第59章 【王者の恩返し】 その6
「これは私のせいちゃう。」
及川達が行ってから美沙は即座に主張した。
「いや、明らかままコさんのせいでしょ。」
きっちり月島が嫌な顔をして返す。
「いつも言うてるやん、好きで引き寄せてへんもん。」
「それで言えば俺達もエンノシタ美沙に引き寄せられていることになるのだが。」
「牛島さん、これ真面目に対応されなくても大丈夫なやつです。」
真面目に天然でボケる牛島に、力が静かに突っ込みを入れる。
「てかままコちゃんもさぁ」
明らかに面白がっている調子で天童が口を挟んだ。
「せっかくイケメンにモテてんだから、そんな嫌がらなくても。
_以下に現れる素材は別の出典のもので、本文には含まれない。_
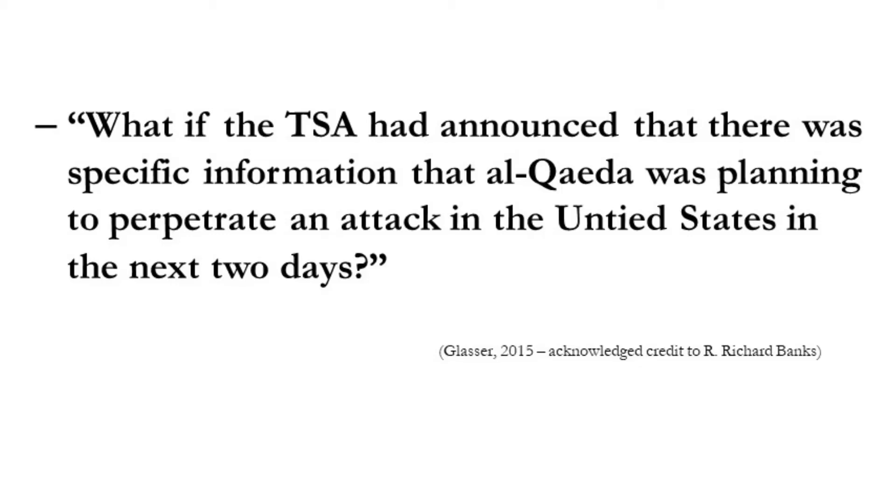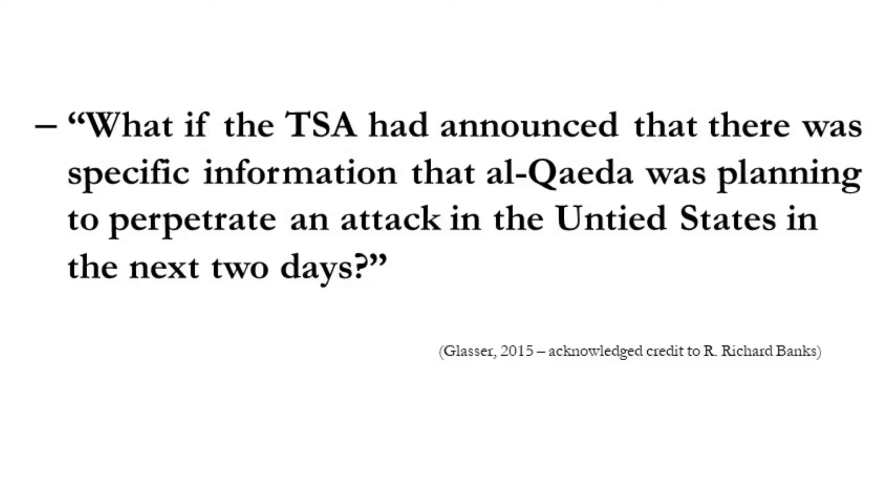Glaser then extends the scenario even further. What if the TSA had announced that there was specific information that Al-Qaeda was planning to perpetrate an attack in the United States in the next two days? When that's narrowed down even further, would that then change your approach to that scenario and how you go about trying to decide whether you would screen them or let them through? Again, I think sometimes the more information that we have, potentially the easier it is to decide. But when things are a little bit more ambiguous, then it can be quite challenging to work out which way we would in fact go.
むしろラッキーじゃね。」
「兄さん以外に抱っこされとない。」
「一途なのネ。」
「そもそも今まで文化祭やらなんやらで及川さんの様子をご覧になってるでしょう。」
目が死んでいる笑顔で力が言う。
「あれで美沙が嫌がらないとでも。」
「おー、コワ。」
天童はおどけて肩をすくめ、しかし力はとはいえ、とすぐに付け加えた。
「恩も多分にあるんですけど。」
「複雑なのネ。」
なんかよくわかんないけど、といった様子で天童が一区切りつけたところで
「しかしよりによってこのタイミングで及川とは。」
澤村が苦笑しながら呟く。勝手について来た立場とはいえ、この後(あと)混沌とするのが明白なのだ。
心中は察して余りある。
「私、今の食べかけ済ましたらもう帰った方がええような。」
過去に一人では食べていけないかもしれない危機を経験している為か、出てきたもの・頼んだものを食べ切ることは美沙の大前提だ。
フードロス軽減に貢献出来ているかもしれない。
「早食いは体に良くない。」
牛島が真面目に口を狭むが、この場合だとその正論はただボケただけに聞こえてしまう。
力が受け流して言った。
「申し訳ないけど美沙、もう間に合わないよ。」
受付を済ませた及川達が近付いてきていた。
皿に残っていた炒め物や唐揚げを食していた美沙はそれらを飲み下しながら、うええと言いたげな顔をしている。
周りに固まっている烏野•白鳥沢両陣営もほとんどがこれから混沌発生が確実なので大半が固唾を飲んで見守っていた。